All of the IDR deployment is managed with Ansible. If you're familiar with Ansible playbooks and roles it might be helpful to look at the IDR web config https://github.com/IDR/deployment/blob/ ... -hosts.yml
If not I can give you a dump of any OMERO.web config settings you require.

Finally, in regards to your feedback would you like to open some issues on GitHub? https://github.com/ome/omero-mapr

Re: Bulk Data Import and Key:Value annotation

PostPosted: Thu Oct 25, 2018 7:00 pm
by DaveMellert
Thank you so much, this is very helpful and useful to know.

It is interesting that you bring up using a graphDB. At the Jackson Laboratory (where I work), we are in the process of creating a "Data Services Core" that we want to position as the main entry point for data discovery and metadata management for users. We will keep "ground truth" metadata in a graphDB and/or triplestore that covers not just images, but multiple domains (so sample info from lims, sequence data...anything created at the lab that users want to integrate, basically). For image data, we'll have a permalink in the form of the OMERO id. When the data moves to deep archive, that will get changed to the location on tape.

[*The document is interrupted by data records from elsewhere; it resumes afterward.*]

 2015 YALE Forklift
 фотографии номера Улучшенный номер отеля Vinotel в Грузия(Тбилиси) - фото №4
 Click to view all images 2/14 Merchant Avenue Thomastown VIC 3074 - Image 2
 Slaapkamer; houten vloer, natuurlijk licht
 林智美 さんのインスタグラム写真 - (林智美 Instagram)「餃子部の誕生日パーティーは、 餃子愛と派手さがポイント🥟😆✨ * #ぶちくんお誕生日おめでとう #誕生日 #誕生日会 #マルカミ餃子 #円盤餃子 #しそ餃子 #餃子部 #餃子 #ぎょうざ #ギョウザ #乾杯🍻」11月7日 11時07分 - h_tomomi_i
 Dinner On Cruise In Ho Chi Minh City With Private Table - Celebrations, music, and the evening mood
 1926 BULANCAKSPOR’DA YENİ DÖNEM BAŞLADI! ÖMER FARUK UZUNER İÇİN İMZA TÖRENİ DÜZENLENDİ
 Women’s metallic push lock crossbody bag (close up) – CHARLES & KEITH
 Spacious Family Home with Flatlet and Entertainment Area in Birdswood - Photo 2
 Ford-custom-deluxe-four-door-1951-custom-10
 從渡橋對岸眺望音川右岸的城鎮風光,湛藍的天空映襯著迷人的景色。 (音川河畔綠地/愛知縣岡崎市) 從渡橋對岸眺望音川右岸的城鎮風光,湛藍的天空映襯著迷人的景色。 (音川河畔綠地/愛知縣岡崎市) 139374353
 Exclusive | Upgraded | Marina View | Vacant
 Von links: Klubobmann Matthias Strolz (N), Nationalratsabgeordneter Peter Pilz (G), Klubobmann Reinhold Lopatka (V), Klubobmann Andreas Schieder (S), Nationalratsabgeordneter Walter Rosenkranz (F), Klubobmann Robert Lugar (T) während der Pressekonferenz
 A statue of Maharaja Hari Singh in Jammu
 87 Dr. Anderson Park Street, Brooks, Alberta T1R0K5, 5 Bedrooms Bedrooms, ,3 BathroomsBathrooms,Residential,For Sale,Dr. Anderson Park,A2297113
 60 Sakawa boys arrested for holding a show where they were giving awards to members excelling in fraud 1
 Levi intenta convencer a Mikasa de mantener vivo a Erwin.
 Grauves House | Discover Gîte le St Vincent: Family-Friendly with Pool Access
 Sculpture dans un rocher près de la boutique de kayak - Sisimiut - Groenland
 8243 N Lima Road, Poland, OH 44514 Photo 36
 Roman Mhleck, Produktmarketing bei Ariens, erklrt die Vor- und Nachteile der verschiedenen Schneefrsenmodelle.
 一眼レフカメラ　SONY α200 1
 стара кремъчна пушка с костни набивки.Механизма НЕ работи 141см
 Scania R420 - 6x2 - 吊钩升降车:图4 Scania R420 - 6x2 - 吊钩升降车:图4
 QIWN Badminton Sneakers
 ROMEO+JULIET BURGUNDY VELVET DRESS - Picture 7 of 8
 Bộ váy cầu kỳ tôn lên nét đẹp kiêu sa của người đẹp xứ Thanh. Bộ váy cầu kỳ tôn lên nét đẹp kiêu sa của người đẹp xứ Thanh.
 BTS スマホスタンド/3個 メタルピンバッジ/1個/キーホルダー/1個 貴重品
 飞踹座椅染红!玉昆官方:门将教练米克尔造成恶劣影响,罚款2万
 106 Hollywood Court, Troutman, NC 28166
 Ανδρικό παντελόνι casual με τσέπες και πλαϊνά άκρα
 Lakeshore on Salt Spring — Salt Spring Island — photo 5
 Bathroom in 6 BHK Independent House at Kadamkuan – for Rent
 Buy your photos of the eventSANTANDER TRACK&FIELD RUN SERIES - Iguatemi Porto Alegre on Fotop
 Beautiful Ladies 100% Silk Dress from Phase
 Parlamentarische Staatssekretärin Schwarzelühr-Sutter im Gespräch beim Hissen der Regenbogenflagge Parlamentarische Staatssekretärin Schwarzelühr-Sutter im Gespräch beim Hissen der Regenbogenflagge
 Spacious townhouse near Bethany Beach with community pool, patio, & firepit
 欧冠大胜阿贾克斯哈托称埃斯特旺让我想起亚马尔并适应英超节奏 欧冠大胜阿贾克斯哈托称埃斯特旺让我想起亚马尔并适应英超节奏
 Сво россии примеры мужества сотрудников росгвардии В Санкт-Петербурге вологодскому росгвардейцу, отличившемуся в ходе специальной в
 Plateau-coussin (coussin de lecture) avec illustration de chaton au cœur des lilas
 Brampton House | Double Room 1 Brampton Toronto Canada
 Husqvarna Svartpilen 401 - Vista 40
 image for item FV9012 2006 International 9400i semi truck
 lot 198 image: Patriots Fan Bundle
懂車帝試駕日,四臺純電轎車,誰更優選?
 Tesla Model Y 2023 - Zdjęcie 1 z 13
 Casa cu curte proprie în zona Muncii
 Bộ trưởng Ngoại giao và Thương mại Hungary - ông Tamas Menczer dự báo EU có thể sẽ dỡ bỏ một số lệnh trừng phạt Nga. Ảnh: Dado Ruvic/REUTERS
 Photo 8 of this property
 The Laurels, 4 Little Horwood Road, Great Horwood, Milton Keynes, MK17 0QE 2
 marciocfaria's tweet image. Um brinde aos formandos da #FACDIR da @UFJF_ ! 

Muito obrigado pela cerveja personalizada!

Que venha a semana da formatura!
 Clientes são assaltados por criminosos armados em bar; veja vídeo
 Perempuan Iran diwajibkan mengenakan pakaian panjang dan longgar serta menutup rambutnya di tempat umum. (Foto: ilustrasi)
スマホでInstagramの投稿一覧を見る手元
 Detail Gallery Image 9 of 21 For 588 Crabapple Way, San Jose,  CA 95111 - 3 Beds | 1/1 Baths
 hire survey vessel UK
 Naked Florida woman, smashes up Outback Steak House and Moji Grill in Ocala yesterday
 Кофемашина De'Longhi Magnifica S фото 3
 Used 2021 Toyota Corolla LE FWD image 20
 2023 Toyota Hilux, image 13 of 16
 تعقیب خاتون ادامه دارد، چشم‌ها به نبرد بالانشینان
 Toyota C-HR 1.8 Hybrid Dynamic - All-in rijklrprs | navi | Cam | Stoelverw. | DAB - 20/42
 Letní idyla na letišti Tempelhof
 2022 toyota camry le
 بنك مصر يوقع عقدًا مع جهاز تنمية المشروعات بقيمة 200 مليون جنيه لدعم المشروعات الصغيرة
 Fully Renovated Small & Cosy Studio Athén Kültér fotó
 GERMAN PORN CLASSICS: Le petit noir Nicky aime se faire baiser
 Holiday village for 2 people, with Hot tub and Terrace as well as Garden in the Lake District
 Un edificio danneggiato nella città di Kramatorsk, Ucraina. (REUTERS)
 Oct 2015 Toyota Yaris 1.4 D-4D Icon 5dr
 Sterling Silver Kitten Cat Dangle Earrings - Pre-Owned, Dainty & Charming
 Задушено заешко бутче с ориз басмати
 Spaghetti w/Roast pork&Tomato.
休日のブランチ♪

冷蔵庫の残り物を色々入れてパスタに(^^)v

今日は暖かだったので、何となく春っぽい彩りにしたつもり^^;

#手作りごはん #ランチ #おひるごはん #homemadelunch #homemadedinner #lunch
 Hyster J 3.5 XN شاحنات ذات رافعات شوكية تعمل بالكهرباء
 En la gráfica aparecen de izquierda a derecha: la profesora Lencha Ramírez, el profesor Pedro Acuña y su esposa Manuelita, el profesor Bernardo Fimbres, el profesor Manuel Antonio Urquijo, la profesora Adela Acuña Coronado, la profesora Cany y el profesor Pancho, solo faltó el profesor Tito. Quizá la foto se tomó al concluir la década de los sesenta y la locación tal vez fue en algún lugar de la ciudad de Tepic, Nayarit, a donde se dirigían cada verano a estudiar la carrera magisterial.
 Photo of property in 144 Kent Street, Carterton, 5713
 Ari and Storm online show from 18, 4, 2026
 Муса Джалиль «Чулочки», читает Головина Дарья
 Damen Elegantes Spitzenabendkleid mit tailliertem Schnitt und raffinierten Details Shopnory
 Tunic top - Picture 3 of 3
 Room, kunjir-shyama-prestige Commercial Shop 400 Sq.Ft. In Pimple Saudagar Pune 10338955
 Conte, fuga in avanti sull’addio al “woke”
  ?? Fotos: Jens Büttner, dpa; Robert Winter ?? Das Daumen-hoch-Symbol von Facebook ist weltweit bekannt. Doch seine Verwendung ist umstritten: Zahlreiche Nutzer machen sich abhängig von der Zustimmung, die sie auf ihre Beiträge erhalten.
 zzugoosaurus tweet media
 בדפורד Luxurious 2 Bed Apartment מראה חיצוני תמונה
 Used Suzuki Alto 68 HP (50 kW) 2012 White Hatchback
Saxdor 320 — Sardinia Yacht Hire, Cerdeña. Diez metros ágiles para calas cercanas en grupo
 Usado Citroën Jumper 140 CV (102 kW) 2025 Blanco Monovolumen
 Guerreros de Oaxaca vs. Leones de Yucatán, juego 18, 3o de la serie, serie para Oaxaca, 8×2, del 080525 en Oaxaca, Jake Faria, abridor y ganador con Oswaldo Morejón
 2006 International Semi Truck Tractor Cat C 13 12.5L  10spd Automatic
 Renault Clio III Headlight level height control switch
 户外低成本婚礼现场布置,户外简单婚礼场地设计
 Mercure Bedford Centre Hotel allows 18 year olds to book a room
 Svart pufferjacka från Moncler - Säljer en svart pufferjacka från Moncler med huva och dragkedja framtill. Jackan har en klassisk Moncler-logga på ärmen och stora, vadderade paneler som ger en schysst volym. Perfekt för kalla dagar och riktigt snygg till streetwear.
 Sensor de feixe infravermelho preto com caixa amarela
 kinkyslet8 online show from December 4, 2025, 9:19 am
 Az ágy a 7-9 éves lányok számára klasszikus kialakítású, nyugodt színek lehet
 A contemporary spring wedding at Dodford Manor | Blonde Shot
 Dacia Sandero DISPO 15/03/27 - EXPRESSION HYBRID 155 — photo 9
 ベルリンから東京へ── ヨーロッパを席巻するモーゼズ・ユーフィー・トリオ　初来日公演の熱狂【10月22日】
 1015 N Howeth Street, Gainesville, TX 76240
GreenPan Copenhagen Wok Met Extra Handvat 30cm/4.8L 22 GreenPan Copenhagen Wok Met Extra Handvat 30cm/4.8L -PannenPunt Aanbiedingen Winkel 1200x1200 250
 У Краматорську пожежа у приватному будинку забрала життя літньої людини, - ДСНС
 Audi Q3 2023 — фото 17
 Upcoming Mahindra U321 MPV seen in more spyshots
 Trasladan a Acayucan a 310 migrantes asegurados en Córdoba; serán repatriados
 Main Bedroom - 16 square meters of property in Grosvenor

Anyway, the plan is to import some minimal set of metadata into OMERO, including the UID created by the Data Services Core, to provide nice functionality for the users, but the triples/graphDB will be the ultimate source of truth.

If OMERO were to use a graphDB, that would certainly make my life easier! But it's all good, OMERO is such a nice system for interacting with the data/metadata we wanted to find a way to make it work with the broader vision. If any of this sounds backward or crazy, please let me know!

All that said, I will definitely continue hammering on my dev box here and you may indeed see some issues from me in the near future :)